Prozessstandschaft im Organstreit: Grundsätzlich ist prozessführungsbefugt nur, wer eigene Rechte wahren will. Ausnahmsweise gestattet § 64 Abs. 1 BVerfGG („oder das Organ, dem er angehört“) die Prozessstandschaft des Organteils für sein Organ. Dies bedeutet, dass der Antragsteller i.S.d. § 64 Abs. 1 BVerfGG verfassungsrechtliche Rechte des Organs, dem er angehört, in eigenem Namen geltend macht. Hier ist zunächst zu prüfen, ob dem Organ die behaupteten Rechte aus dem Grundgesetz zustehen. Darüber hinaus setzt eine solche Prozessstandschaft voraus, dass das betreffende Organ selbst parteifähig ist und dass der Organteil eine ständige, organisierte Gliederung des betreffenden Organs ist. So können etwa Fraktionen, nicht aber einzelne Abgeordnete Rechte des Gesamtorgans Bundestag geltend machen. Dass z.B. die Mehrheit des betreffenden Organs seine Rechte nicht verletzt sieht, steht der Antragsbefugnis aus Gründen des Minderheitenschutzes nicht entgegen.
dd) Rechtsschutzbedürfnis
223
Das erforderliche Rechtsschutzbedürfnis besteht nur dann, wenn der Antragsteller die dargelegte Rechtsverletzung nicht durch eigenes Handeln wirkungsgleich vermeiden kann. Ein gesondertes Rechtsschutzinteresse ist lediglich dann zu prüfen, wenn sich für sein Fehlen konkrete Anhaltspunkte ergeben.
Beispiel
Die X-Fraktion sieht in einem gegen die Bundesregierung gerichteten Organstreitverfahren die Rechte des Bundestages verletzt. Nach Auffassung der X-Fraktion hätte der Bundestag dem durch die Bundesregierung angeordneten Auslandseinsatz einer bewaffneten Spezialeinheit der Bundeswehr vorher zustimmen müssen. Es werden Zweifel am Rechtsschutzbedürfnis geäußert, da die X-Fraktion mit zwei anderen Fraktionen die Regierungskoalition stellt und ihr damit möglicherweise andere (politische) Wege zur Verfügung stehen, ihre Auffassung durchzusetzen. Das BVerfGBVerfGE 90. 286, 339. bejahte trotzdem das Rechtsschutzbedürfnis, da die geltend gemachten Rechte des Bundestages auf Beteiligung nicht durch regierungsinterne politische Einflussnahme aufgewogen werden können.
ee) Form und Frist
224
Der Antrag ist unter Bezeichnung der verletzten Normen des Grundgesetzes schriftlich zu begründen, §§ 23, 64 Abs. 2 BVerfGG. Es gilt eine Frist von 6 Monaten. Sie beginnt, sobald die Maßnahme oder Unterlassung dem Antragsteller bekannt wurde, § 64 Abs. 3 BVerfGG. Bei einem Unterlassen beginnt die Frist spätestens dann, wenn der Antragsgegner sich erkennbar eindeutig weigert, in der Weise tätig zu werden, die der Antragsteller zur Wahrung seiner Rechte aus dem Grundgesetz für erforderlich hält.

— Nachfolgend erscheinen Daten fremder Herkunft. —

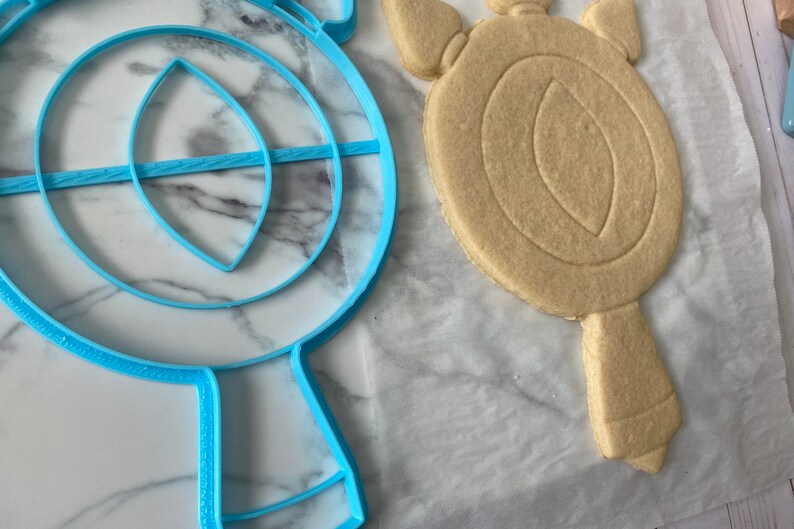 May include: A blue plastic cookie cutter shaped like a mirror with a handle, next to a light brown sugar cookie cut with the same shape.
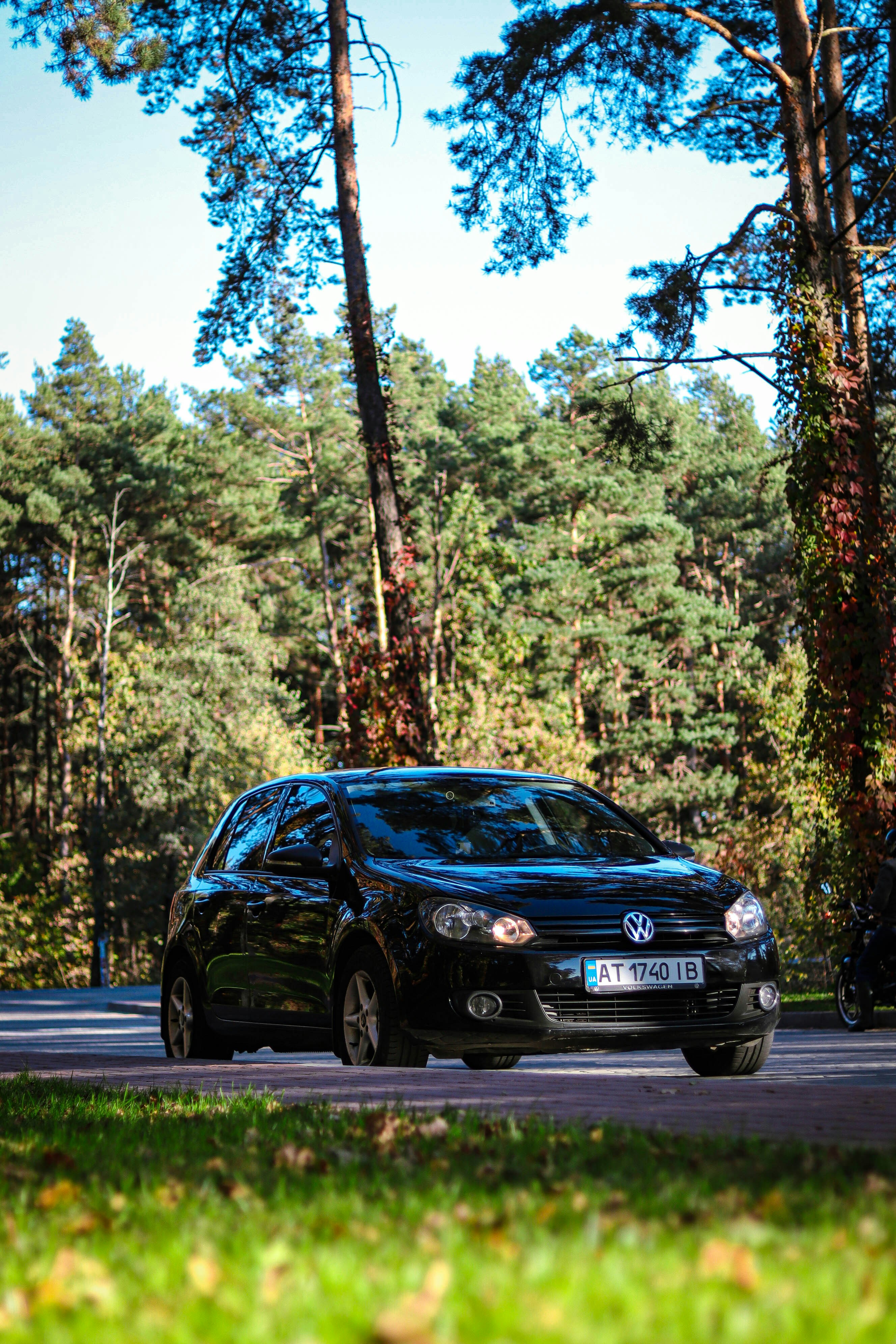 A black car driving down a street next to a forest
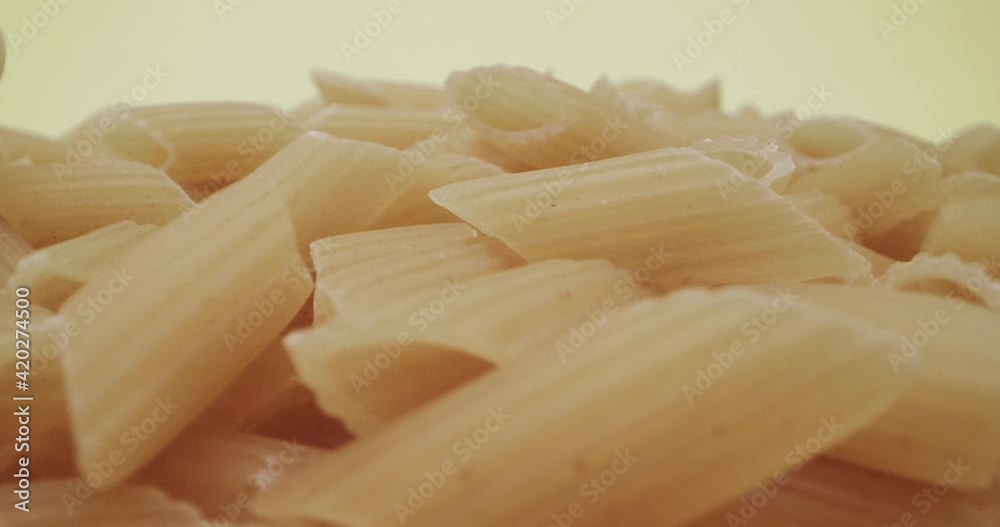 Falling raw half furrowed pens or mezze penne rigate Italian pasta. Close up and dolly in Falling raw half furrowed pens or mezze penne rigate Italian pasta. Close up and dolly in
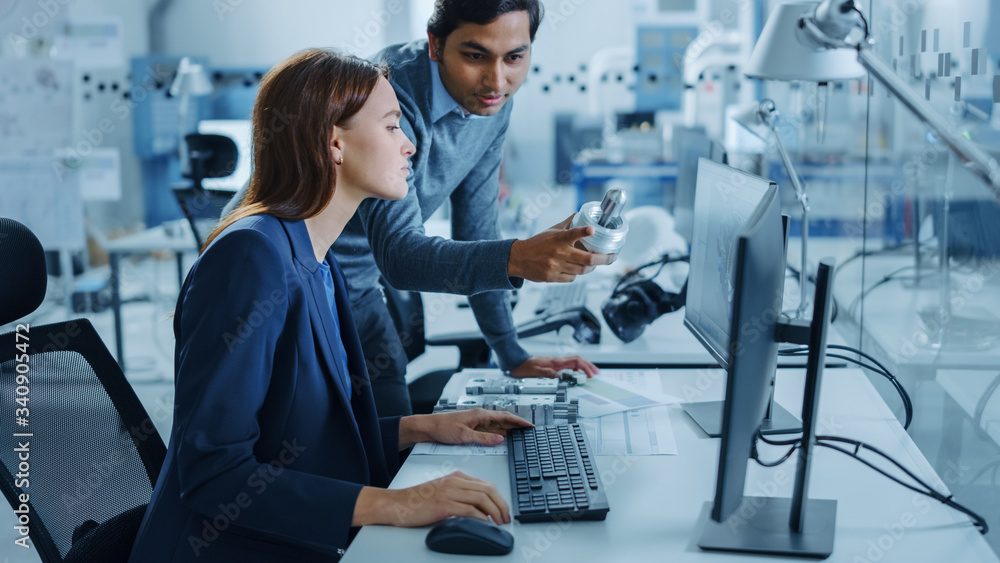 Poster modern factory office: male project supervisor talks to a female industrial engineer who works on co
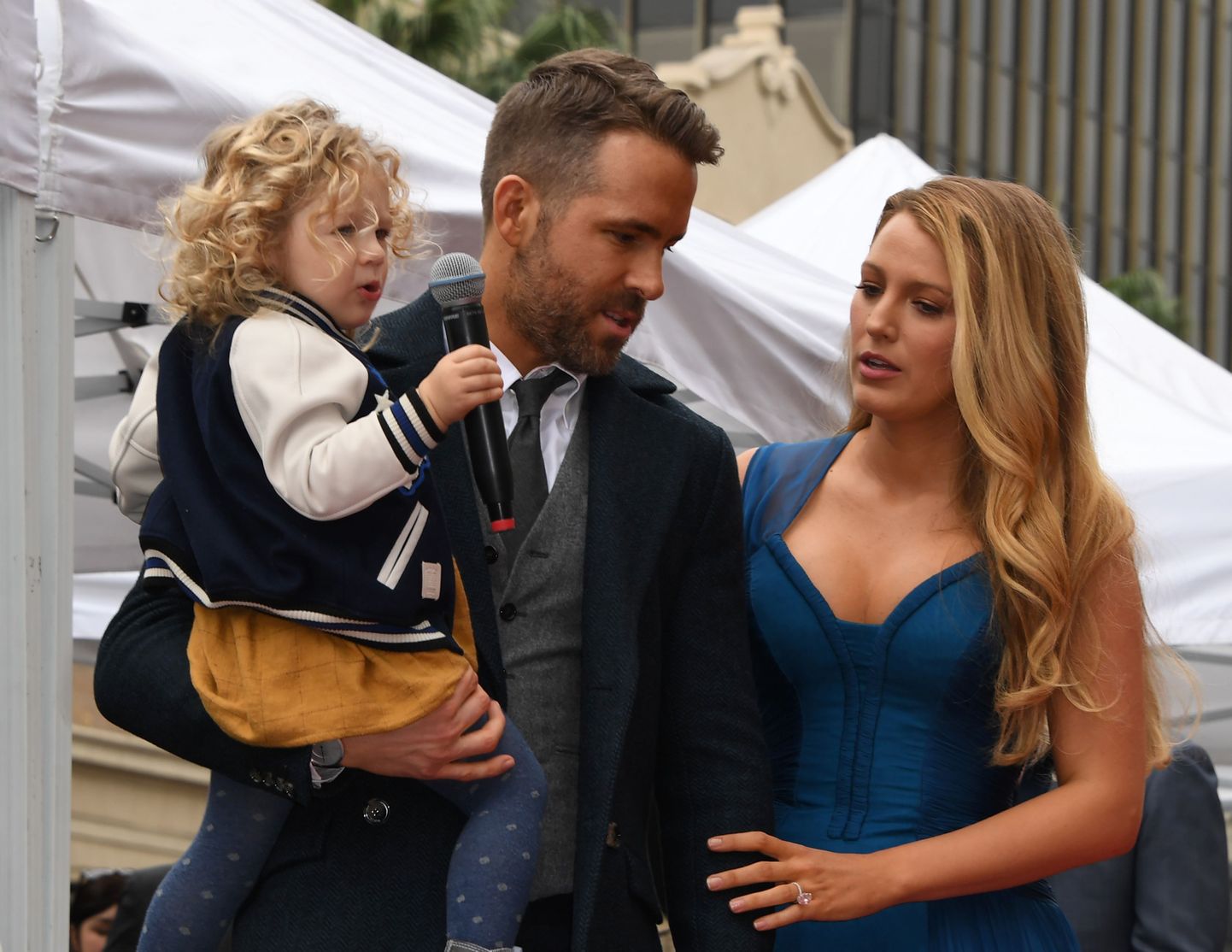 Actor Ryan Reynolds holds his daughter James as his wife Blake Lively looks on the Deadpool actor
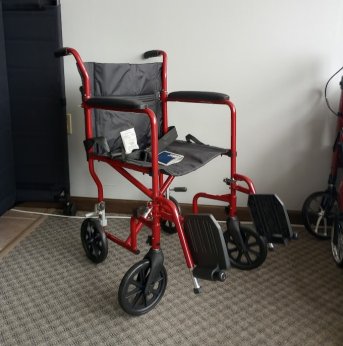 Red transport chair with foot rests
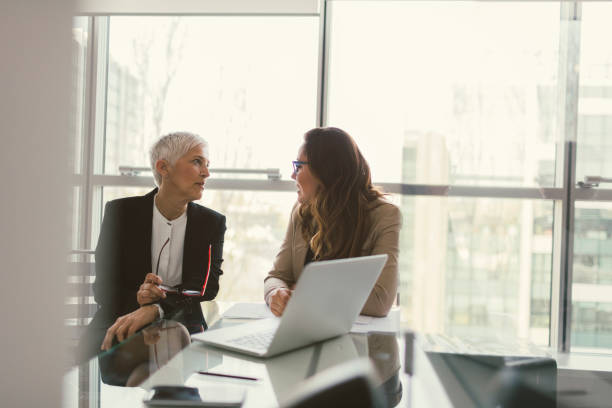 istock Businesswomen working in the office 670535242
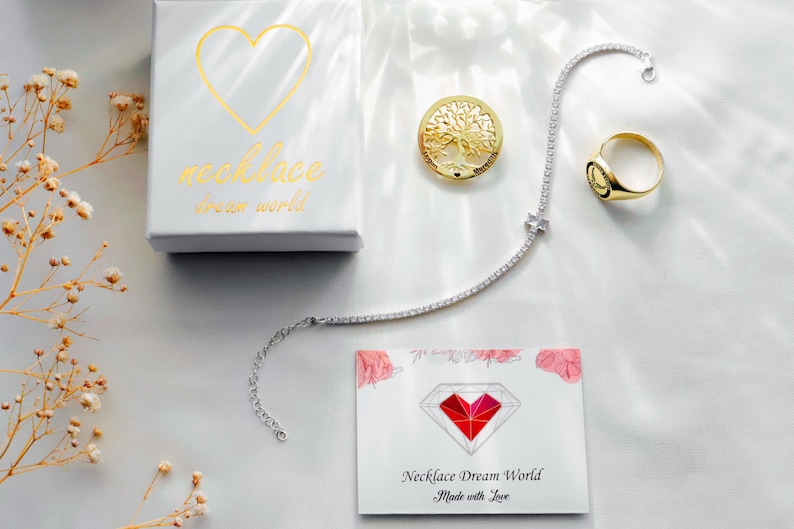 A white gift box with a gold heart and the text "necklace dream world," a silver-tone tennis necklace, a gold-tone tree of life pendant, a gold-tone signet ring, and a white card featuring a red heart diamond graphic and text.
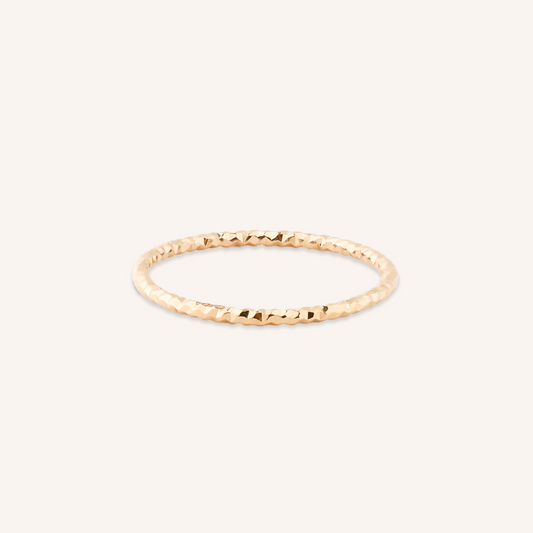 Gold ring with a textured band on a white background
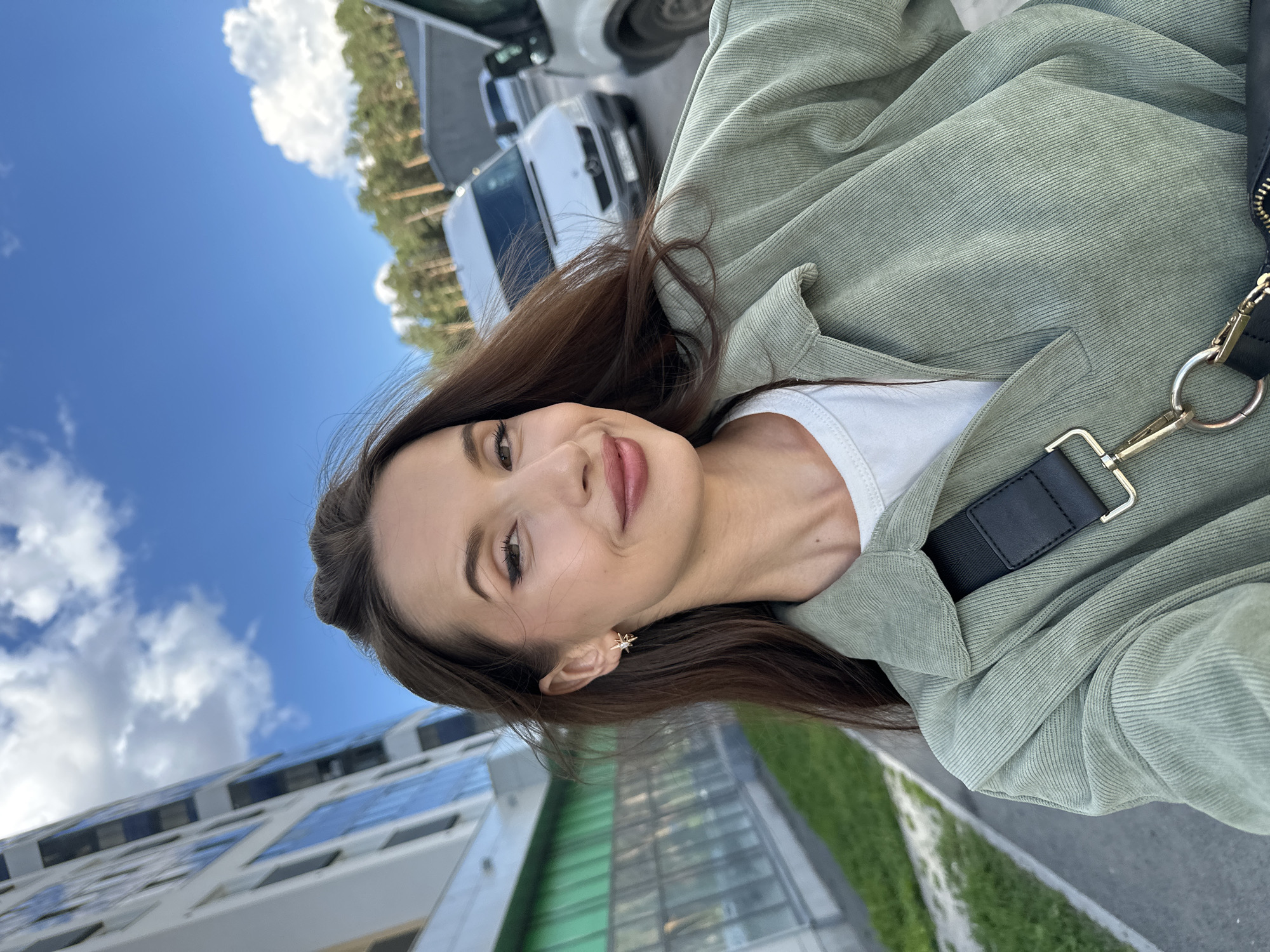 In Yekaterinburg, Russia, a young woman with long, dark brown hair and light makeup is taking a selfie outdoors. She is wearing a white t-shirt under a light green corduroy jacket and a black strap with gold hardware is visible across her chest. She is smiling at the camera, with her hair blowing slightly to her left. The background features a modern, white building with blue-tinted windows on the left, and several white vans parked on a paved area on the right. Pine trees are visible in the distance, against a bright blue sky with scattered white clouds. The ground is paved, with a strip of green grass and a concrete curb visible on the left side of the image.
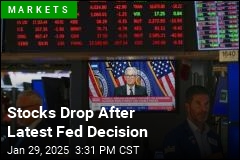 Stocks Drop After Fed Keeps Rates Steady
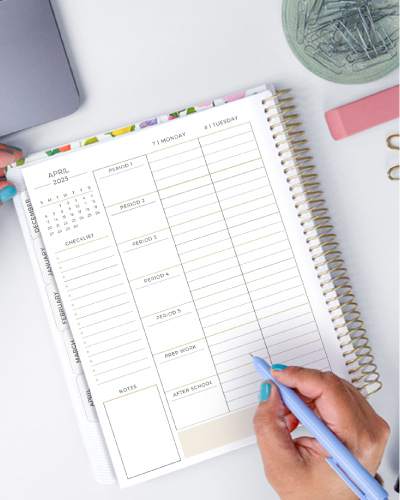 Middle and High School Planner on desk with person holding pen. Middle and High School Planner on desk with person holding pen.
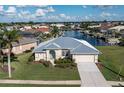 Single-story home with metal roof; located on a canal with water access at 3730 Turtle Dove Blvd, Punta Gorda, FL 33950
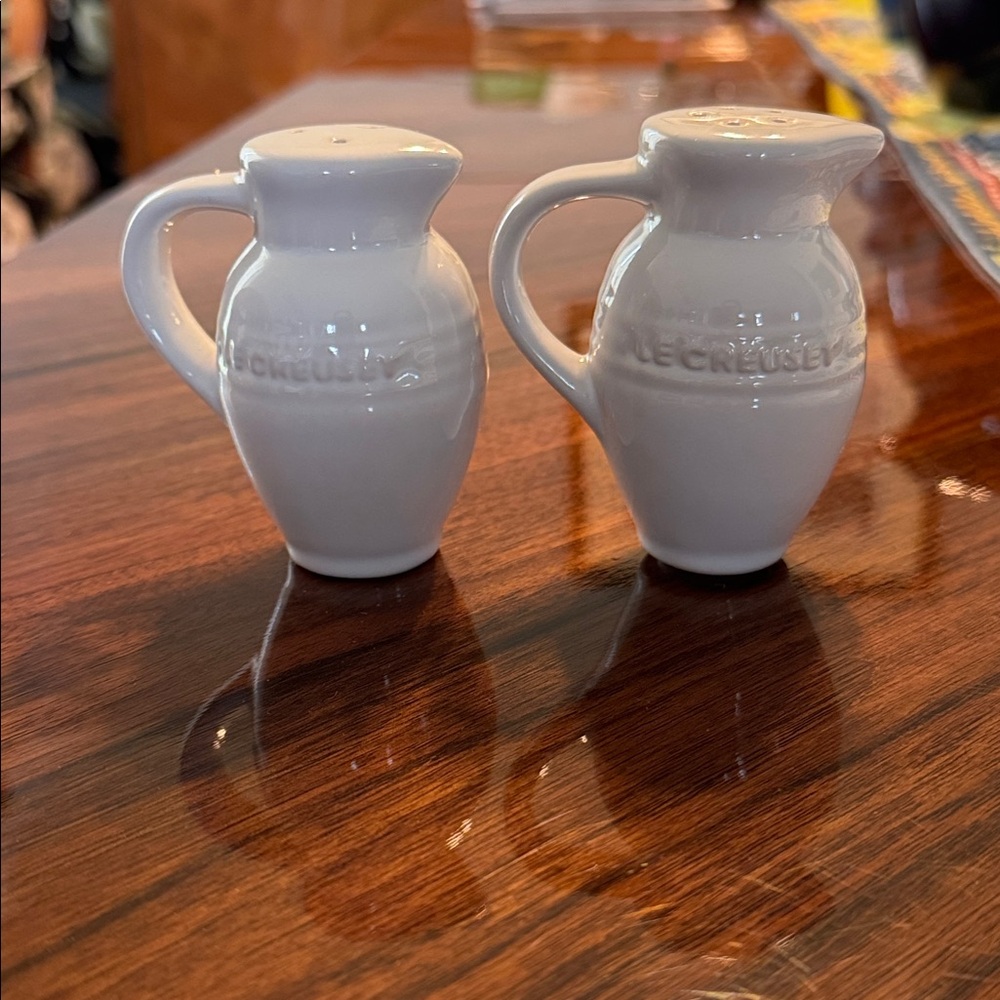 Le Cruset white salt and pepper shakers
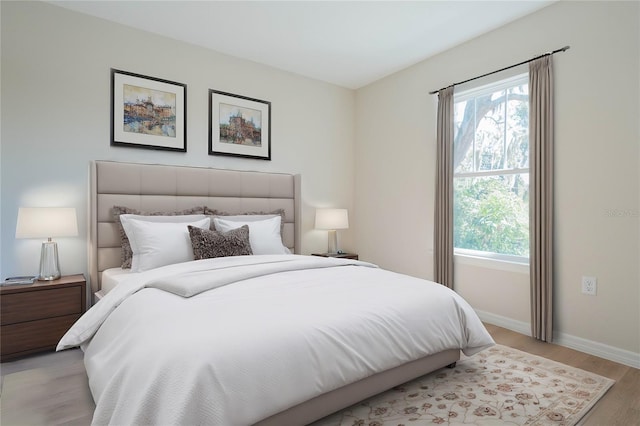 bedroom with light hardwood / wood-style flooring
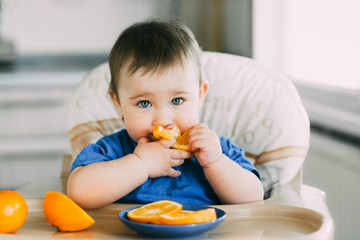 little girl sitting in baby chair, eating an orange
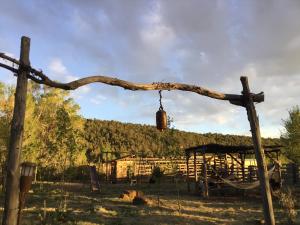Taos Goji Farm & Eco-Lodge Retreat في Arroyo Seco: فرع شجرة يتدلى من عمود في ميدان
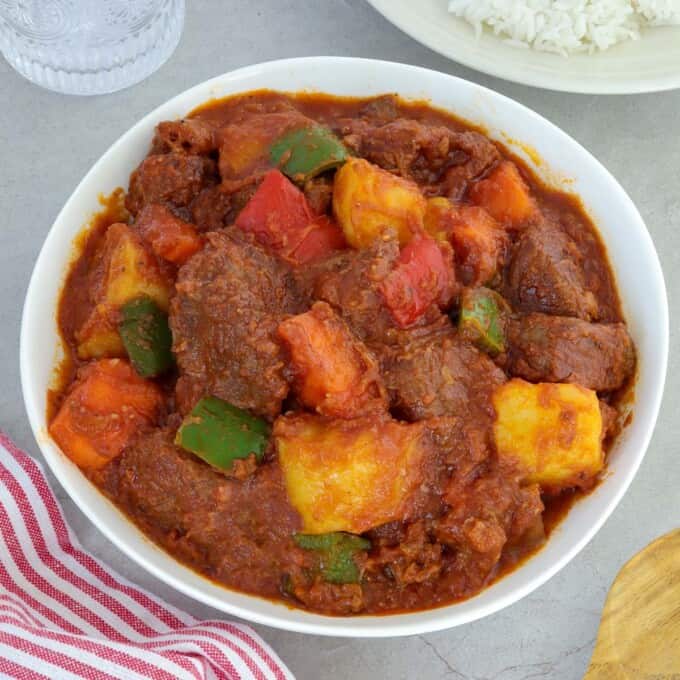Beef Afritada in a white serving bowl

b) Begründetheit des Organstreits
225
Das Gericht prüft, ob die Maßnahme oder Unterlassung gegen die im Grundgesetz begründeten Rechte und Pflichten verstößt. Ist der Antrag begründet, spricht es durch das Urteil die Feststellung aus, dass eine Rechtsverletzung vorliegt. Dieses Urteil hat gem. § 31 Abs. 1 BVerfGG Bindungswirkung für alle Verfassungsorgane des Bundes und der Länder sowie alle Gerichte und Behörden.
Hinweis
Beachten Sie, dass durch das BVerfG keine Verurteilung des Antragsgegners zu einer bestimmten Handlung erfolgt.